The program generates the following output in the command line interface by
default.
 
@code
Solving for (p = 0): T Jf A B T Jf A B T Jf A B T Jf A B
@endcode
 
The program assumes the finite elements of the lowermost degree, @f$p = 0@f$.

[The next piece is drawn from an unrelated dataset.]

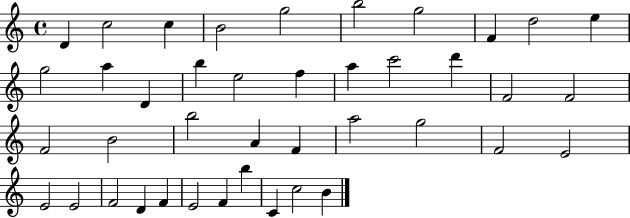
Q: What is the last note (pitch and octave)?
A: B4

To change the degree of the finite elements, say @f$p = 2@f$, one needs to change
the setting `Settings::fe_degree = 2` and rebuild the program.
 
The program also dumps a number of files in the current directory. In the default
configuration these files are:
- vtu files. They contain the computed vector fields. Recall that the spherical
  manifold is attached to many cell faces. Consequently, these cell faces are
  curved. They look more like patches of a sphere. Furthermore, the shape
  functions are mapped from the reference cell to the real mesh cells by the
  second-order mapping to accommodate the cells with curved faces. For these
  reasons, one needs to use a visualization software that can deal with curved
  faces and the higher-order mapping. A fresh version of ParaView is recommended.
  Visit will not do. The <a href="https://github.com/dealii/dealii/wiki/Notes-on-visualizing-high-order-output">
  Notes on visualizing high order output</a> provide more information on this topic.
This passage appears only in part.